Dalam acara Pembukaan Rapimnas Kadin 2025, Senin (1/12/2025), Purbaya menjelaskan, Satgas Debottlenecking yang dibentuk bersama Kemenko Perekonomian akan menjadi jalur langsung bagi para pelaku usaha untuk melaporkan segala kendala yang menghambat kegiatan bisnis.
“Bapak-bapak, ibu-ibu, jika ada hambatan di bisnis Anda, laporkan saja. Saya sudah siapkan satu hari penuh untuk memimpin sidang debottlenecking,” ujarnya.
Menurut Purbaya, metode ini bukan hal baru baginya. Saat menjabat sebagai Deputi Bidang Koordinasi Kedaulatan Maritim dan Energi di Kemenko Maritim dan Investasi (2018–2020), ia pernah menangani masalah serupa. Bersama tim, Purbaya menyelesaikan 193 kasus investasi senilai Rp 894 triliun.
“Kita memang jarang publikasi, tapi inilah kenapa investasi bisa dipindahkan ke sektor maritim, karena kami memang ahli dalam menyelesaikan hambatan,” katanya.

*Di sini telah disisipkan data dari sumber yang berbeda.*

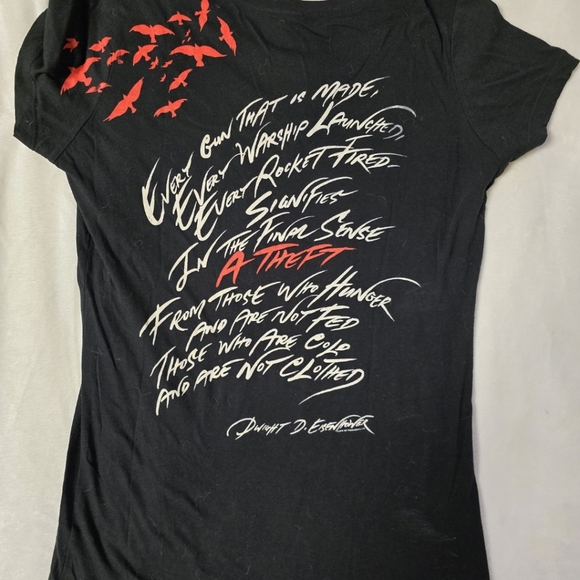Women's Roger Waters - the wall concert shirt - Picture 6 of 6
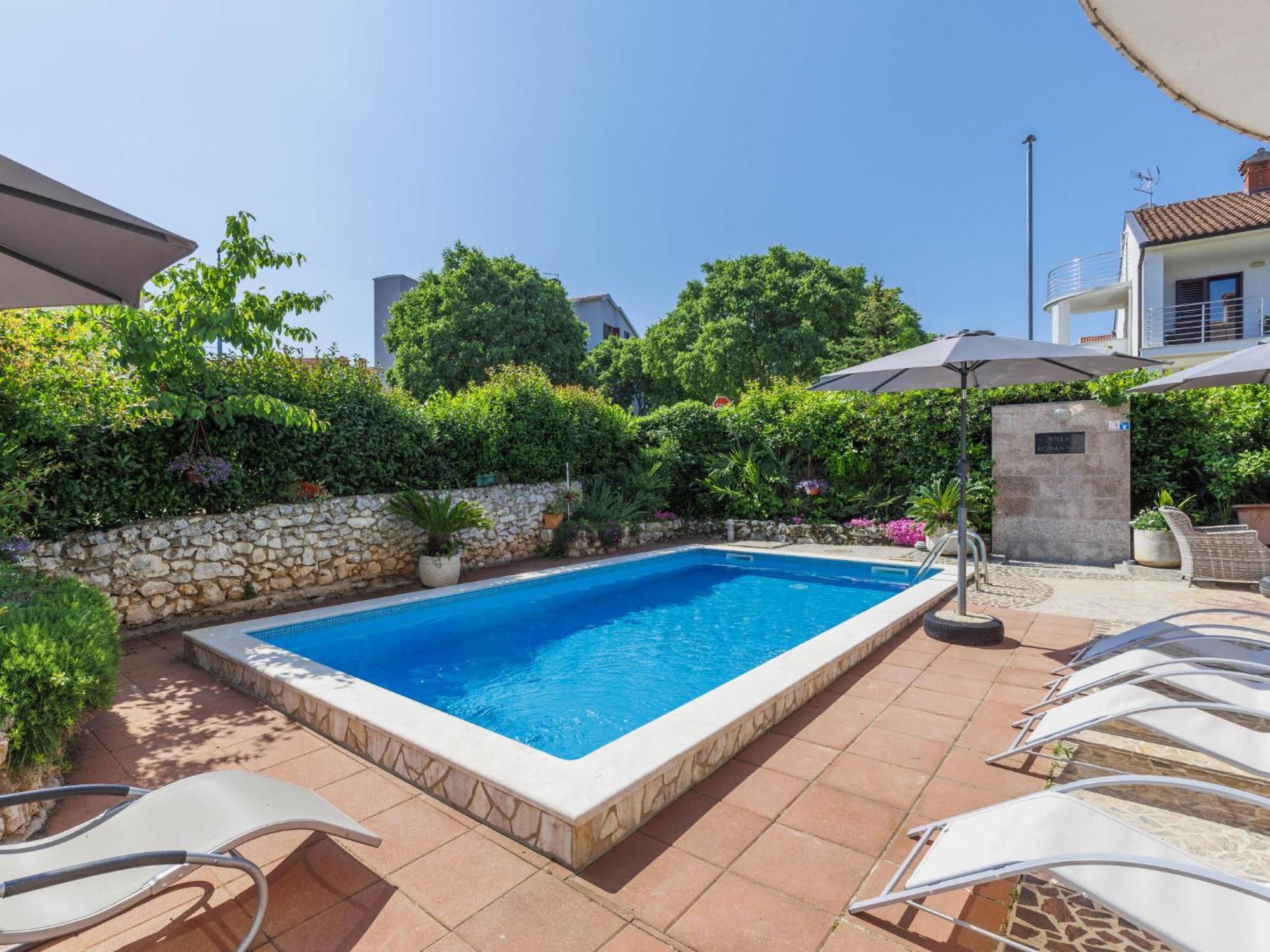 Romantika - Roj105 By Interhome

Kini, sebagai Menkeu, Purbaya mendorong mekanisme serupa agar hambatan investasi dapat diselesaikan lebih cepat.
Ia bahkan membandingkan kemampuan hukumnya dengan legenda Abu Nawas, yang terkenal sebagai hakim ulung di zamannya.
“Kalau ada yang ragu, saya sudah sidang 600 kasus dalam tiga tahun. Kemampuan sidang saya setingkat Abu Nawas,” tegas Purbaya.
Ia menjelaskan, filosofi Abu Nawas yang mampu menilai kejujuran seseorang melalui cara uniknya, menginspirasinya dalam memahami karakter pengusaha dan memutuskan kasus birokrasi.
Purbaya menekankan bahwa sistem ini dirancang untuk memberikan kepastian hukum dan memperlancar aktivitas ekonomi.
Dengan pendekatan langsung seperti ini, diharapkan pengusaha tidak lagi menghadapi hambatan birokrasi yang berlarut-larut, sekaligus meningkatkan kepercayaan investor terhadap iklim usaha di Indonesia.
Pendekatan Purbaya ini juga menjadi bagian dari upaya pemerintah dalam mendorong pertumbuhan ekonomi melalui optimalisasi sektor swasta, sekaligus memanfaatkan peran fiskal pemerintah secara strategis.